Problem to work on: Beginning with the line containing "Haina, RD Suspenden" and ending at the last line of the data, set down every line exactly, leaving out all pictures.

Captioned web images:
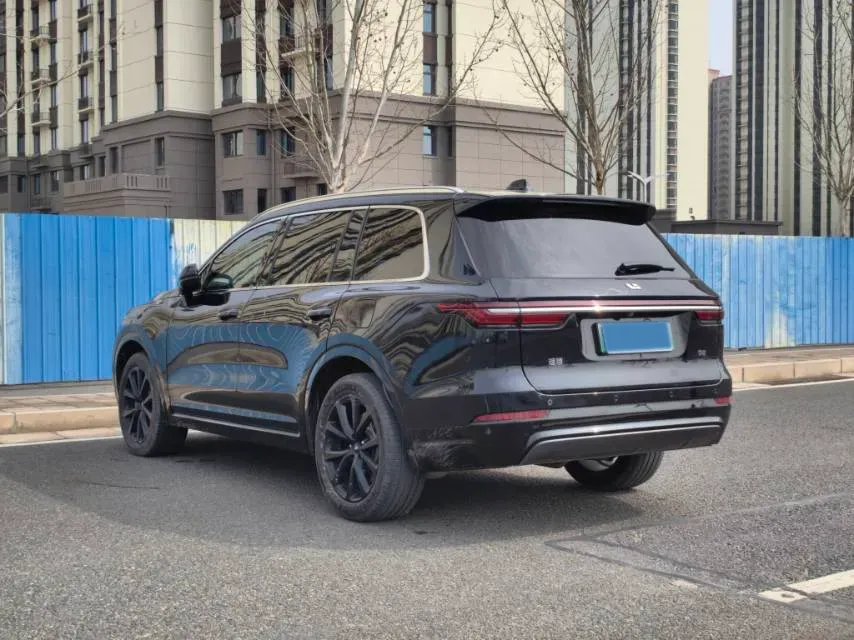 2020 Li ONE Range Extended 131HP REEV 40.5KWH,autocango,china used car exporter,china ev exporter,chinese used car exporter,chinese used ev exporter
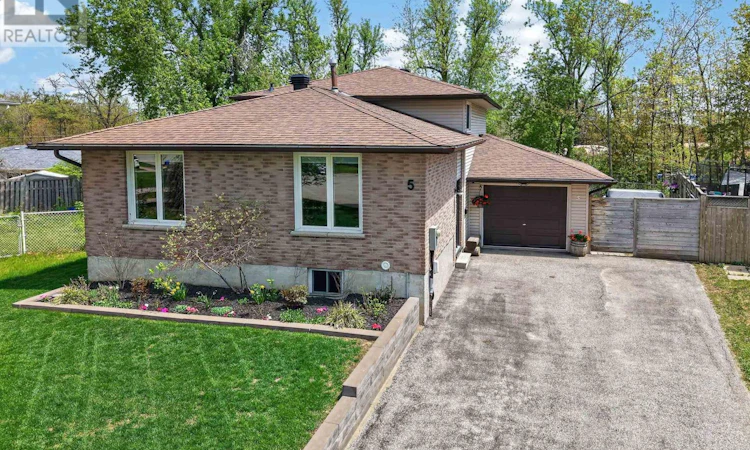 5 Atwood Court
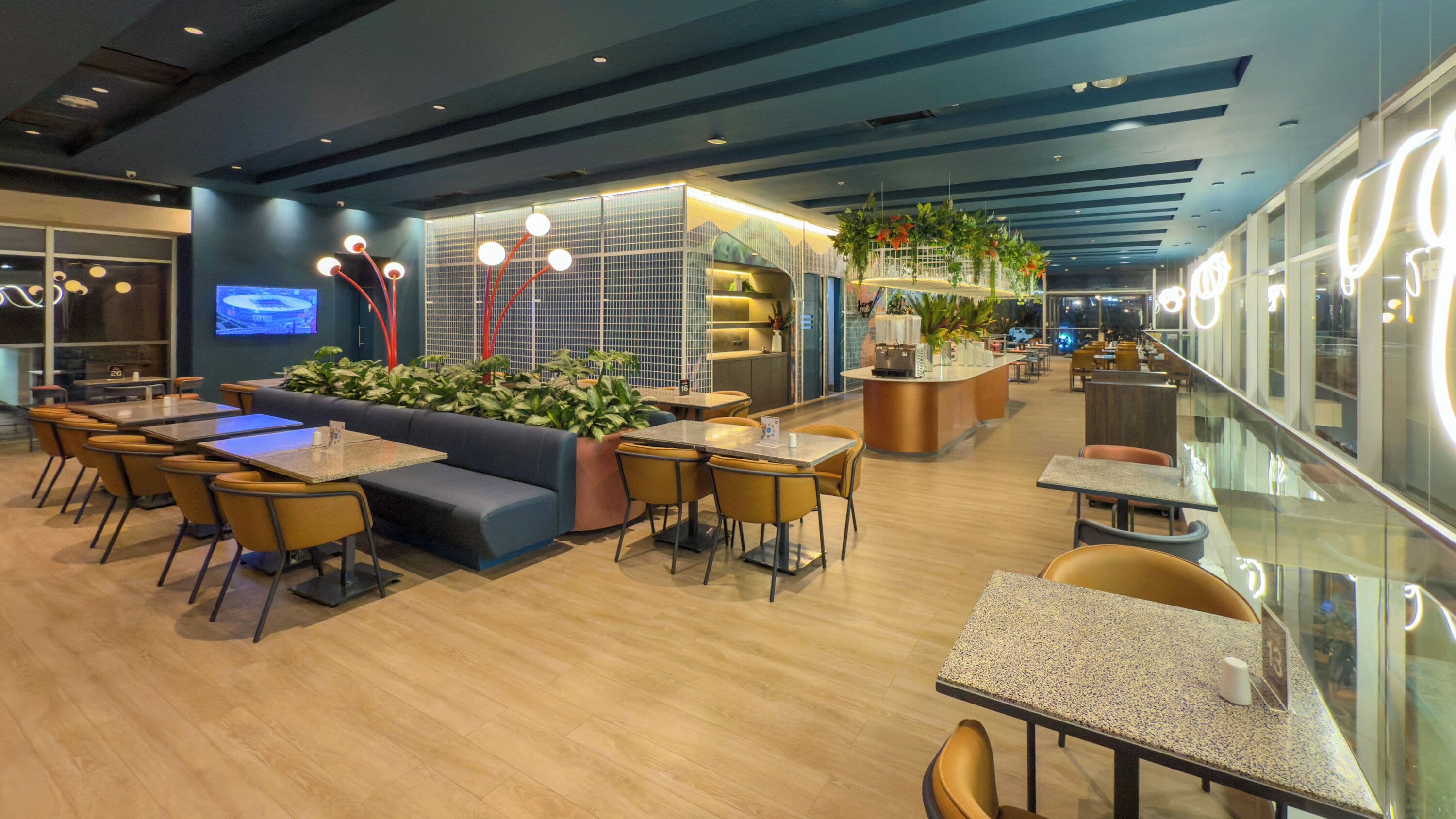 breakfast, lunch, dinner served; international cuisine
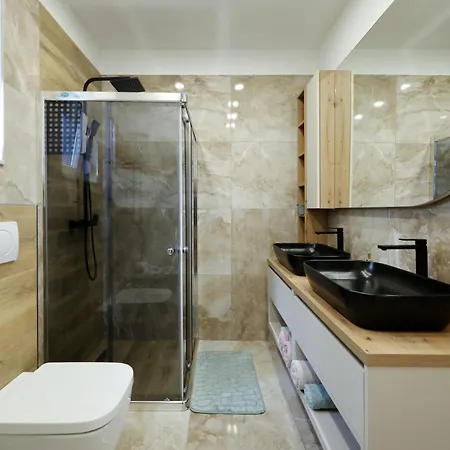 فيلة Casa Debeljak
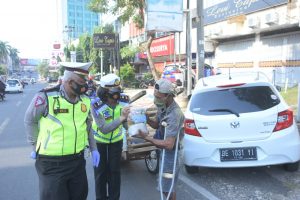 Operasi Patuh Krakatau, Sat.Lantas Polresta Bagikan Masker dan Tali Asih pada Dhuafa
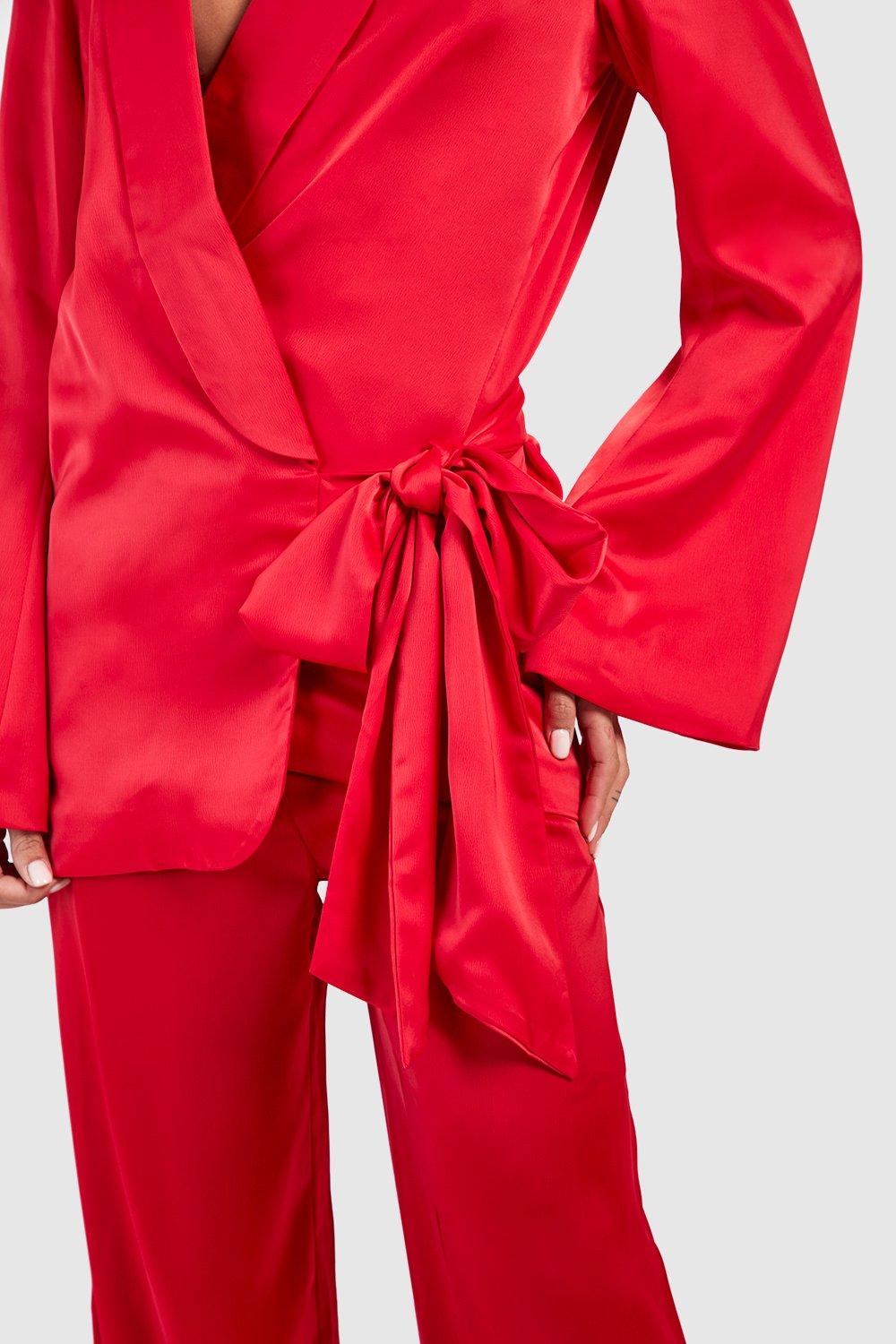 Textured Matte Satin Flared Sleeve Blazer boohoo
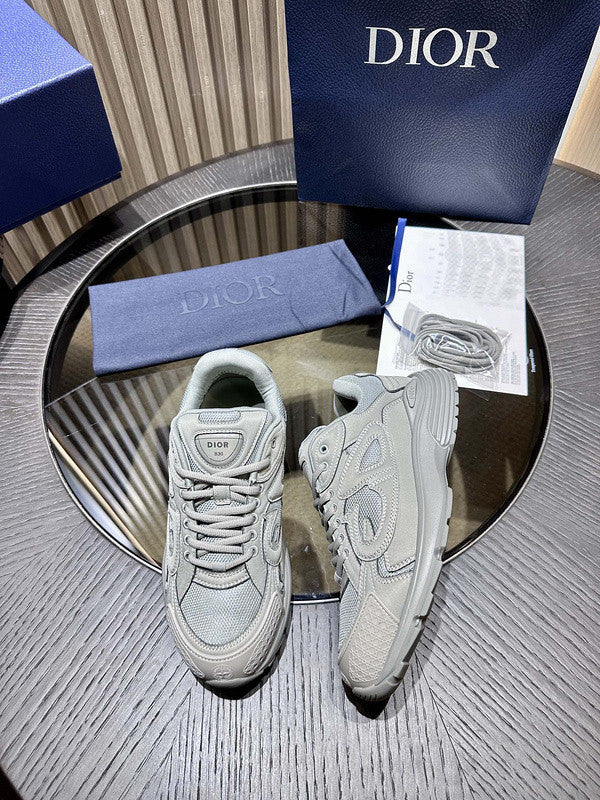 D*or B30 Stone Island
Grey grey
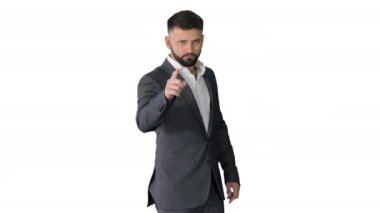 İşadamı beyaz arkaplanı işaret ediyor ve onaylıyor.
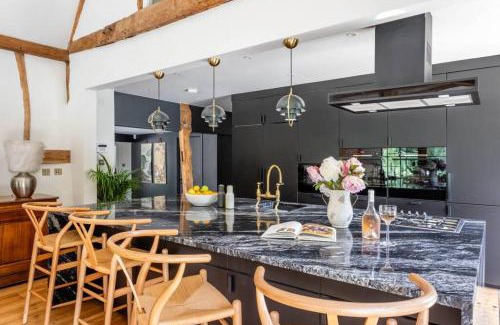 Playhatch House | Scenic Retreat at The Lakeside Viewing Gallery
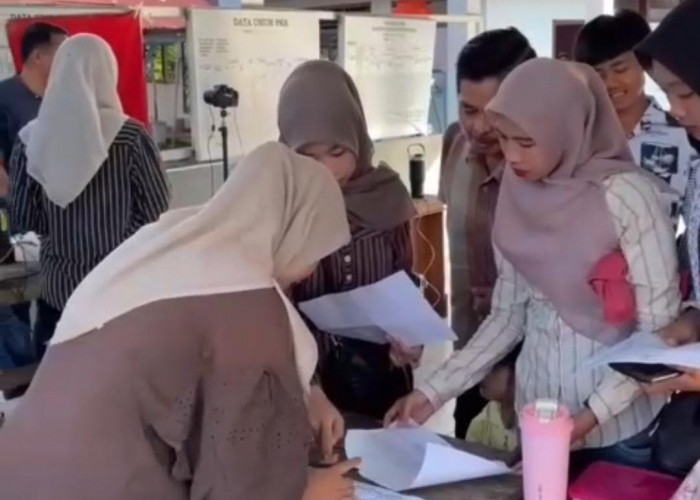 Permudah Layanan Adminduk, Dukcapil Seluma Sebar Blanko Persyaratan hingga ke Desa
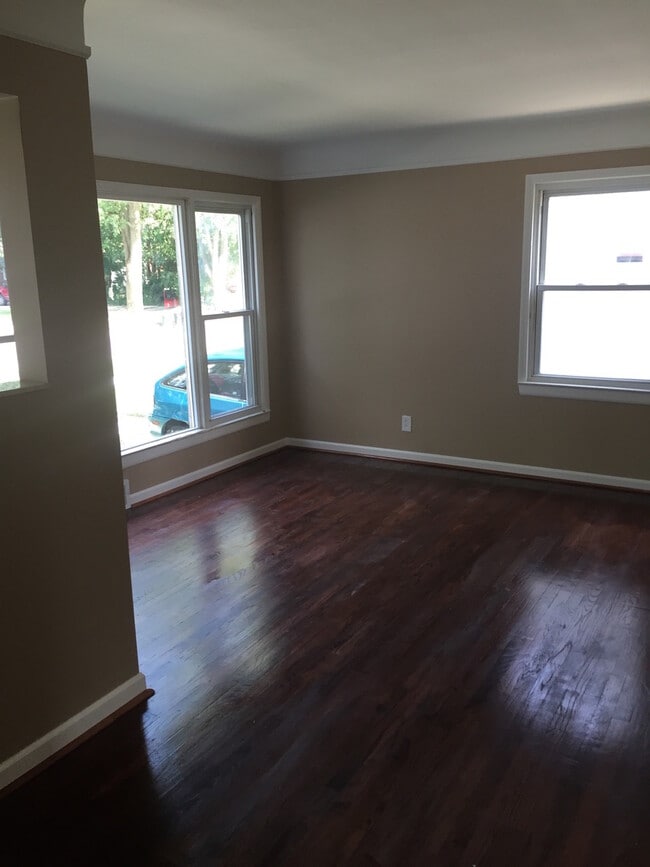 Building Photo - Cozy 3 bedroom 2bath Bungalow in nice Redford neighborhood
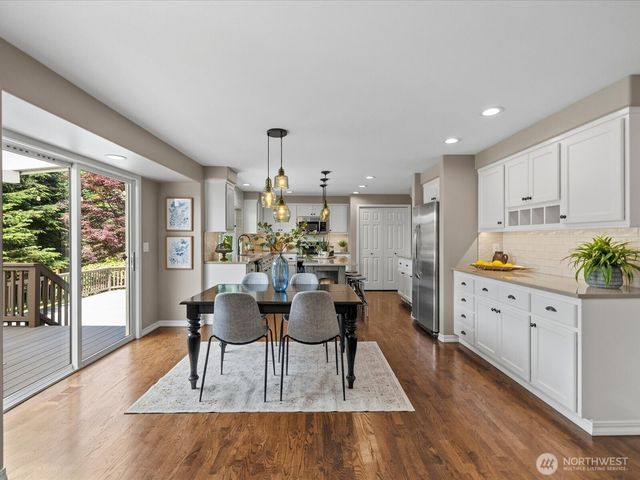 15810 62nd Ave SE, Snohomish, WA 98296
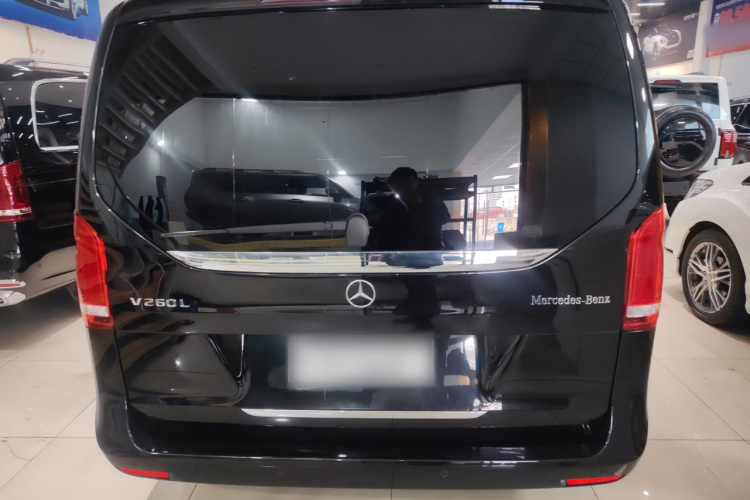 奔驰V级 2022款 V 260 L 长轴距尊贵版车身外观6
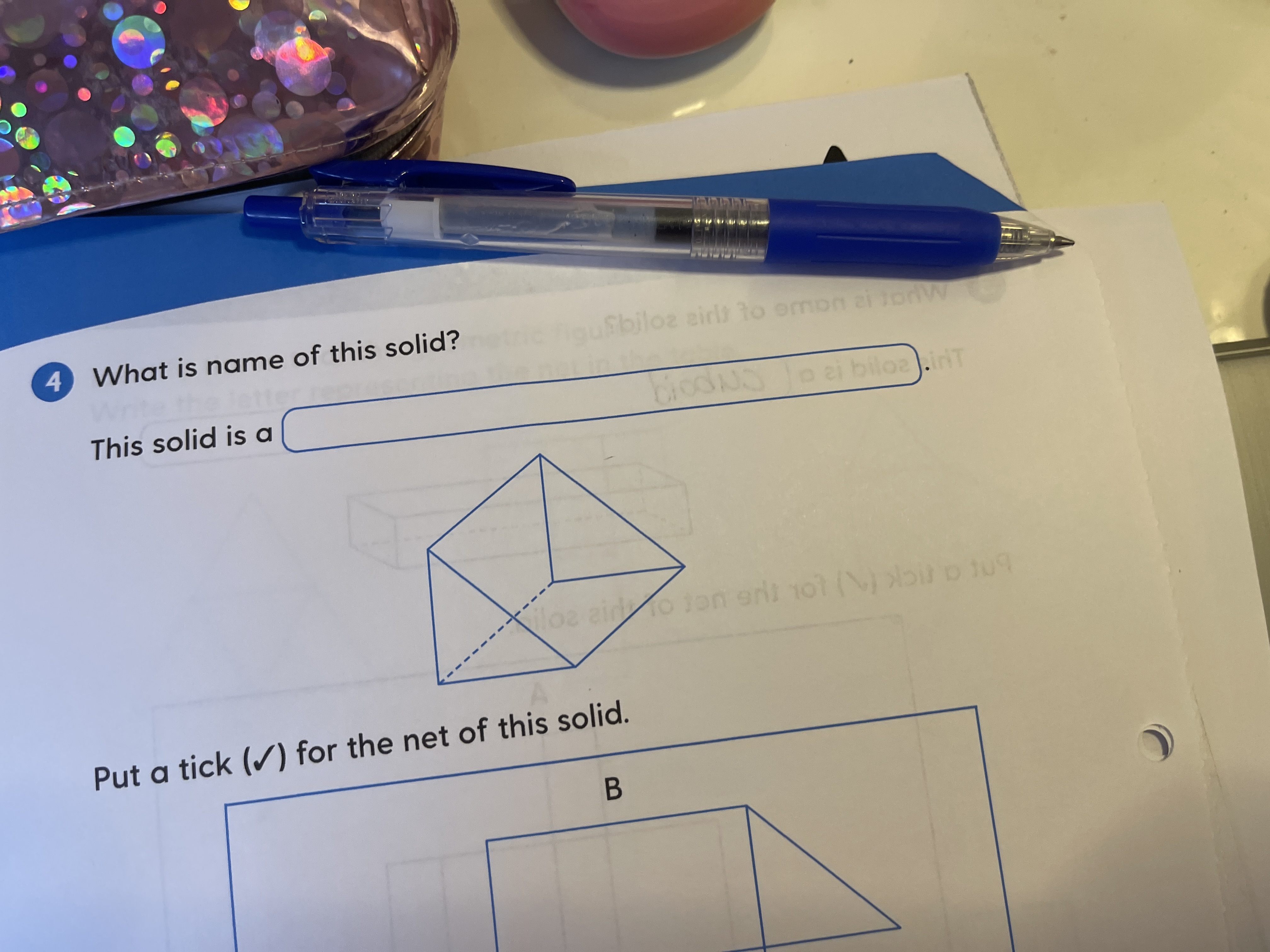 ( 4 ) What is name of this solid? This solid is a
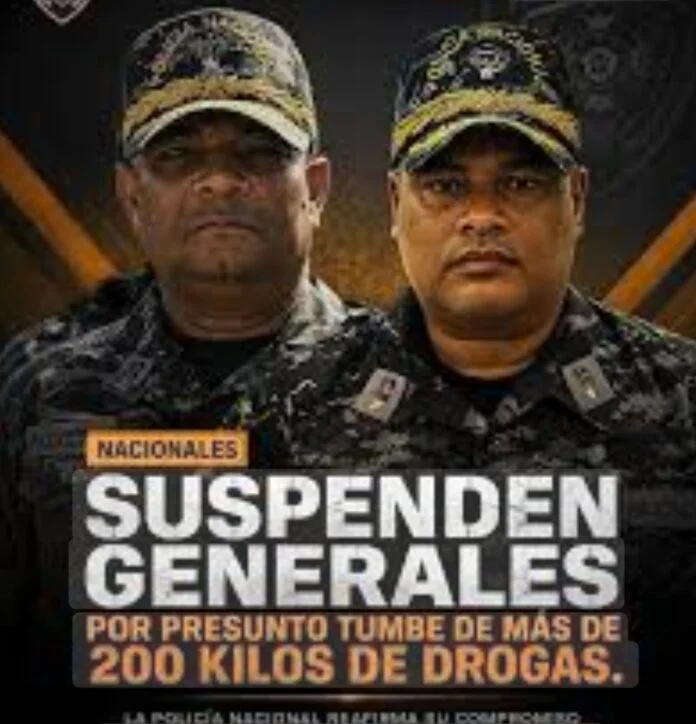 Suspenden a dos generales de la Policía por investigación sobre desaparición de más de 270 paquetes de cocaína en Haina, RD Suspenden a dos generales de la Policía por investigación sobre desaparición de más de 270 paquetes de cocaína en Haina, RD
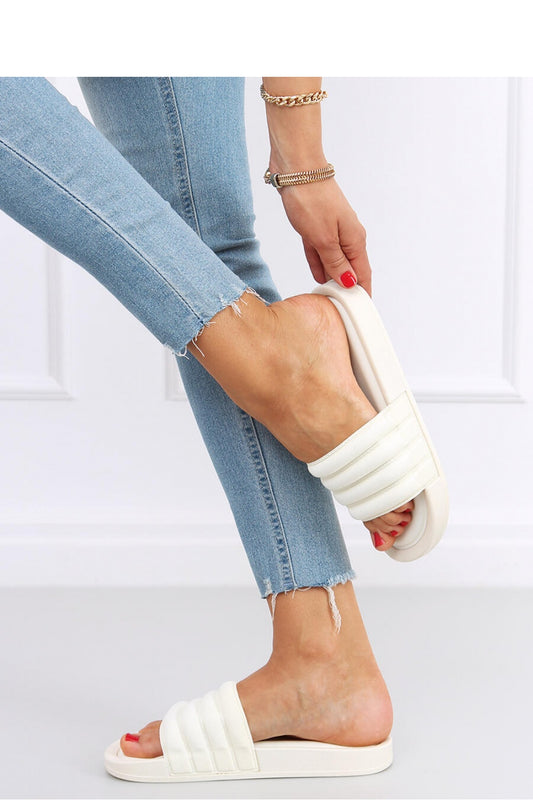 Clacquettes model 163586 Inello-1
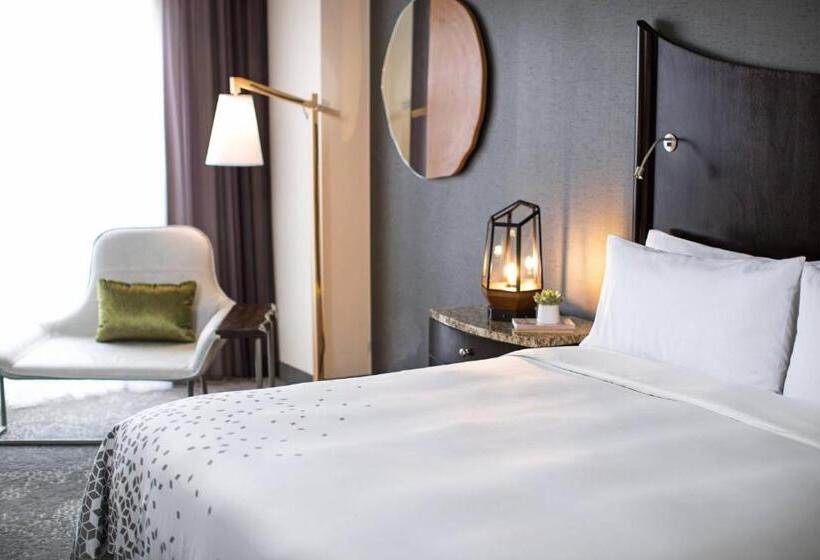 اتاق استاندارد با تخت بزرگ برای معلولان, Renaissance Raleigh North Hills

Exercise output:
 Suspenden a dos generales de la Policía por investigación sobre desaparición de más de 270 paquetes de cocaína en Haina, RD Suspenden a dos generales de la Policía por investigación sobre desaparición de más de 270 paquetes de cocaína en Haina, RD
 Clacquettes model 163586 Inello-1
 اتاق استاندارد با تخت بزرگ برای معلولان, Renaissance Raleigh North Hills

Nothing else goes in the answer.